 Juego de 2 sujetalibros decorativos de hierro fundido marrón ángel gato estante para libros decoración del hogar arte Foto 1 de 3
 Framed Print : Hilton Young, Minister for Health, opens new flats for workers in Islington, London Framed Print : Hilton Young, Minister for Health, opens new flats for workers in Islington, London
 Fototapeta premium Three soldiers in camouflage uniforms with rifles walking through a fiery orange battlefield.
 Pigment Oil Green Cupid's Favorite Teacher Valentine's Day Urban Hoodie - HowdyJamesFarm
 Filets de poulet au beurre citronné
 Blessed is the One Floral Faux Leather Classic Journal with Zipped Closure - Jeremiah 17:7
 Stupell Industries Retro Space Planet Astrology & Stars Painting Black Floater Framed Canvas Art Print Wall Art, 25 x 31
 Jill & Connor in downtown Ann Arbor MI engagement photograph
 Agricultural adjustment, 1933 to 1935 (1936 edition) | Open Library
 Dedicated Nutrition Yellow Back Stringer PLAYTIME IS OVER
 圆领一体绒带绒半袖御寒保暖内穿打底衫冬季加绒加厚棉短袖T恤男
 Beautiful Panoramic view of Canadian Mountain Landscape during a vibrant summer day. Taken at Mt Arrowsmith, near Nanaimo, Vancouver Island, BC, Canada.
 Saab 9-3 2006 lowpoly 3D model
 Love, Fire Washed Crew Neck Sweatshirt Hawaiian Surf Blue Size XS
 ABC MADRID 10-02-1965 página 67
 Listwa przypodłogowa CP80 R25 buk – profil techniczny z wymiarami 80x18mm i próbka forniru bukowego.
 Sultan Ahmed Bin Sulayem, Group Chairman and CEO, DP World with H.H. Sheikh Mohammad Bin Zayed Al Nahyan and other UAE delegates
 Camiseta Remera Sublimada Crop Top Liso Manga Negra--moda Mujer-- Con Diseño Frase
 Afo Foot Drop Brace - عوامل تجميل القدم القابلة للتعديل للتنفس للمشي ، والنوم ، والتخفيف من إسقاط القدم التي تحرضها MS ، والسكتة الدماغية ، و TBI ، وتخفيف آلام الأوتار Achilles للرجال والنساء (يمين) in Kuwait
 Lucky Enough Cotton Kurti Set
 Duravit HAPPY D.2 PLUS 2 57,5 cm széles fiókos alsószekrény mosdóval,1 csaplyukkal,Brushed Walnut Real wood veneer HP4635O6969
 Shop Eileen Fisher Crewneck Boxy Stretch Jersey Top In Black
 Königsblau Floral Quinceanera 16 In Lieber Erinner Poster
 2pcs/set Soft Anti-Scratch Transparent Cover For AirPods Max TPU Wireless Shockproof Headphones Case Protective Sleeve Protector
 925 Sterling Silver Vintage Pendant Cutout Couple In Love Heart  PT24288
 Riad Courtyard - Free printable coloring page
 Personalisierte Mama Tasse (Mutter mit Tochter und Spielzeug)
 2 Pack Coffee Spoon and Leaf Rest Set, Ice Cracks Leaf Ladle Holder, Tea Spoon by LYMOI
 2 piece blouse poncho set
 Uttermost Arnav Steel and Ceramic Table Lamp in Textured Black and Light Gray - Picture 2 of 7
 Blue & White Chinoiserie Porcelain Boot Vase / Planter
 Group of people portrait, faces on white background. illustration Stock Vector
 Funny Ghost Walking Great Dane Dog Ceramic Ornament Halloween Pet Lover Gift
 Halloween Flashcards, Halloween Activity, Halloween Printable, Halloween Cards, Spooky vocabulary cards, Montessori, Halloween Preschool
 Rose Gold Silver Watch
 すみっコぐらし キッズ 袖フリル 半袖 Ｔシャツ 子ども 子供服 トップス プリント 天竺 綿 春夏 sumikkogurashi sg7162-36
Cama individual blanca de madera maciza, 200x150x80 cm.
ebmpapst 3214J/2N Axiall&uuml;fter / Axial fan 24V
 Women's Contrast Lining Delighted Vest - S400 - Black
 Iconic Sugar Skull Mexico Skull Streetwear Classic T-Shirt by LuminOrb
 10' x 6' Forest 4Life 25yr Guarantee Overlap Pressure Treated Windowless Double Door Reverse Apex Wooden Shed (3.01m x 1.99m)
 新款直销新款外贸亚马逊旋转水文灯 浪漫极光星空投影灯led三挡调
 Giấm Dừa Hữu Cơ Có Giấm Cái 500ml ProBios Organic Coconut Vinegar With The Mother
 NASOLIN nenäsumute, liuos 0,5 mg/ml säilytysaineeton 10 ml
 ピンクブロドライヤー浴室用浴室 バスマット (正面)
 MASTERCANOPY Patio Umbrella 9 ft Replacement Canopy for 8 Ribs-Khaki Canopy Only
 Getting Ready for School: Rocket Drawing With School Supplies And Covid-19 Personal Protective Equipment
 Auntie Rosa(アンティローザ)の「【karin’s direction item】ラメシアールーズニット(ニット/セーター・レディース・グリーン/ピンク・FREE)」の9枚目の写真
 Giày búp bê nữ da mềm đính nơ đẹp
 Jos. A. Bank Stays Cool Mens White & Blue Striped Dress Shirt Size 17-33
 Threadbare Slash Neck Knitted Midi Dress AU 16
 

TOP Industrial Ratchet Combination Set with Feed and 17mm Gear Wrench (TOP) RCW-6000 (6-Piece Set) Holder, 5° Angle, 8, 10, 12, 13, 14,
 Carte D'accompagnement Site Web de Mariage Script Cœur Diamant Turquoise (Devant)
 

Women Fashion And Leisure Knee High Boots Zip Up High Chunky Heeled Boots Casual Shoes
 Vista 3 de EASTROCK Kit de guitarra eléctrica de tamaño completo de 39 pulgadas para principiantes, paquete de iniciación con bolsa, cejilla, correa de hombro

#### [Your instructions]
"Jill & Connor" marks the last line to print; print everything from the first line of the data through that line, unchanged, and nothing more.

#### [Response to this task]
 Juego de 2 sujetalibros decorativos de hierro fundido marrón ángel gato estante para libros decoración del hogar arte Foto 1 de 3
 Framed Print : Hilton Young, Minister for Health, opens new flats for workers in Islington, London Framed Print : Hilton Young, Minister for Health, opens new flats for workers in Islington, London
 Fototapeta premium Three soldiers in camouflage uniforms with rifles walking through a fiery orange battlefield.
 Pigment Oil Green Cupid's Favorite Teacher Valentine's Day Urban Hoodie - HowdyJamesFarm
 Filets de poulet au beurre citronné
 Blessed is the One Floral Faux Leather Classic Journal with Zipped Closure - Jeremiah 17:7
 Stupell Industries Retro Space Planet Astrology & Stars Painting Black Floater Framed Canvas Art Print Wall Art, 25 x 31
 Jill & Connor in downtown Ann Arbor MI engagement photograph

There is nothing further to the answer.